[Primary lung salivary gland-type duct carcinoma: a clinicopathological analysis of two cases and review of literature].

ABSTRACT

Objective: To investigate the clinicopathological features, diagnostic criteria and differential diagnosis of primary salivary gland-type duct carcinoma of lung(LSDC). Methods: Two patients with LSDC after surgical resection in Shanghai Pulmonary Hospital from 2020 to 2021 were included; their clinical parameters as well as pathological, immunohistochemical and molecular characteristics of the tumors were analyzed. The relevant literature was also reviewed. Results: Both patients were male, aged 49(case 1) and 64(case 2) years, respectively, and with a history of smoking. The chest computed tomography scan showed both lesions to be centrally located. Gross examination showed the maximum diameters were 16 mm and 35 mm, respectively. The histomorphology of LSDC resembled ductal carcinoma of breast, with intraductal islands of neoplastic cells, which also formed solid nests, papillary, micropapillary and cribriform structures. There was frequent accompanying comedo-like necrosis. The neoplasm cells were markedly heteromorphic, possessing large irregular nuclei with prominent nucleoli, abundant eosinophilic or clear cytoplasm, and mitotic figures were common.

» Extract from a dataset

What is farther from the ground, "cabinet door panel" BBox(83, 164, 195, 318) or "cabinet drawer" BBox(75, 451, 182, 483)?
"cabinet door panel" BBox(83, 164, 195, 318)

Both cases of LSDC were immunoreactive for CKpan, CK7, AR, HER2 staining was (2+) and were negative for TTF1, Napsin A, p40, GATA3, mammaglobin, GCDFP15, SOX10, PSA, P504S, ER, PR, vimentin, S-100, SMA, CK5/6 and p63. The tumor showed double-layer cell structure of the duct, and some basal cells/myoepithelial cells expressed p40 and CK5/6. Case 1 had no gene mutation while case 2 harbored TP53 and KMT2A gene mutation detected by next generation sequencing. Conclusions: LSDC is a very rare and highly aggressive salivary-type malignant tumor. The postoperative diagnosis mainly depends on histopathology and immunohistochemistry, attention should be paid to differential diagnosis to prevent missed diagnosis.